DATE: Sunday, June 2, 1996                  TAG: 9606020316
SECTION: LOCAL                   PAGE: B1   EDITION: FINAL 
SOURCE: BY JON GLASS, STAFF WRITER 
                                            LENGTH:   90 lines

LITERACY PASSPORT TEST: SOUTH HAMPTON ROADS EDUCATORS ARE PLEASED THAT THE VAST MAJORITY OF STUDENTS PASSED THE MANDATORY SIX-GRADE-LEVEL TEST. ONLY 7 STUDENTS FAIL LITERACY TEST THIS IS THE FIRST YEAR THE LITERACY PASSPORT TEST IS REQUIRED FOR STUDENTS TO GRADUATE.

A literacy test that Virginia high school seniors must have passed by this year to graduate has become a stumbling block for only a handful of students in Hampton Roads.

In what local educators regard as a success, fewer than 10 seniors taking regular education classes will not get a diploma in graduation ceremonies this month because they failed to pass the Literacy Passport Test.
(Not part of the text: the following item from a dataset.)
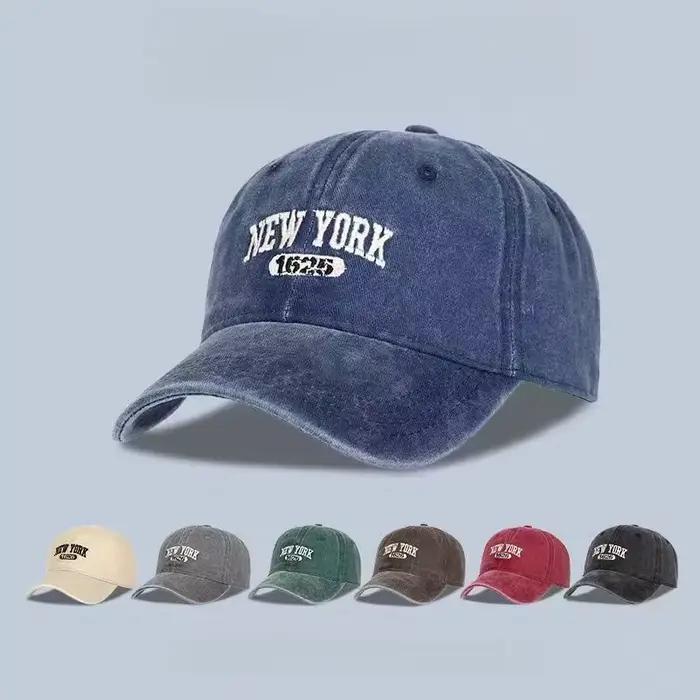 Rétro NEW YORK broderie Snapback chapeau pour hommes femmes Vintage lavé casquettes de Baseball printemps automne loisirs réglable capote chapeaux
This marks the first year since the test was introduced six years ago that passing it is a requirement for graduation in Virginia.

``I feel it's a good, healthy sign,'' said Clyde Colwell, coordinator of reading and English in Norfolk public schools.

In Portsmouth and Suffolk, all seniors expecting to graduate have passed the sixth-grade-level test, designed to ensure that students have a grasp of basic skills in reading, writing and math.

In Virginia Beach, the state's second-largest school system, three seniors in a graduating class approaching 5,000 had not passed at least one section of the three-part test.

``I have mixed feelings,'' said K. Edwin Brown, newly named assistant superintendent for accountability in Virginia Beach. ``On the one hand, we would hope that no one would fail it, but on the other hand, three isn't bad.''

In Chesapeake and Norfolk, each district has two seniors who haven't passed the test.

But in Norfolk, Colwell said, both seniors have been granted state waivers to try to pass the test in time for graduation. There were ``extenuating circumstances,'' Colwell said: one had moved to the city from out-of-state in mid-year and had never taken the test. The other was a transfer student who had only one chance to take the test. The test was offered twice during the senior year.

Seniors who aren't granted waivers will be given another chance to pass in July.

Virginia began offering the Literacy Passport Test to sixth-graders during the 1989-90 school year. The General Assembly approved the testing as a way to ensure students were at least learning basic skills.

Last year in Hampton Roads, the percentage of sixth-graders who passed all three sections of the test the first time they took it ranged from a high of 74 percent in Virginia Beach to a low of 44 percent in Norfolk.

Every school district in the region has programs to help students who fail it acquire the skills they need to pass. Students retake it every year until they pass, and officials said the small number of seniors being held up at graduation this year is proof that the programs are working.

State education officials last week could not estimate how many high school seniors statewide have yet to pass the test. Earlier in the year, they guessed that as many as 500 might not get diplomas, but officials said they now expect the number will be much lower.

Seniors most likely to have had trouble passing include students taking English as a second language - more of an issue in Northern Virginia - and special education students hoping to get a standard state diploma instead of a special education certificate, officials said.

Colwell said as many as 11 Norfolk special education students in that category were waiting to find out if they had passed the test, last given by the state in February. He said results should be in by Monday.

The new graduation requirement has upset some parents. A mother in Virginia Beach whose son is one of the three seniors failing to pass the test has asked school officials that he be allowed to retake it before graduation.

The mother asked not to be identified to protect her son from embarrassment. She said her husband is in the military and that the family moved to Virginia Beach last summer from Okinawa, Japan.

The boy, who has a learning disability, needs to pass the writing section, which he failed by only two points, she said. He has enough academic course credits to graduate, she said.

``It's bad because this child has worked hard, and now he has been slammed one week before graduation,'' the mother said. ``He's already bought his class ring, his invitations and his cap and gown.''

Virginia Beach officials said they have agreed to let the boy march with his class, but he won't get his diploma.

Since the Virginia Beach boy took the test both times it was offered during the regular school year, state officials said he would have to wait until the test is given in July.

``I regret the hardship for any family,'' said William C. Bosher Jr., state superintendent of public instruction. ``I understand the trauma, but I also realize it's important to have standards, and even in the most difficult of circumstances, those standards must be applied.''

Graduation requirements are expected to get tougher: The state Board of Education, possibly as soon as 2001, plans to require that high school juniors pass a tougher academic-skills test before being allowed to graduate.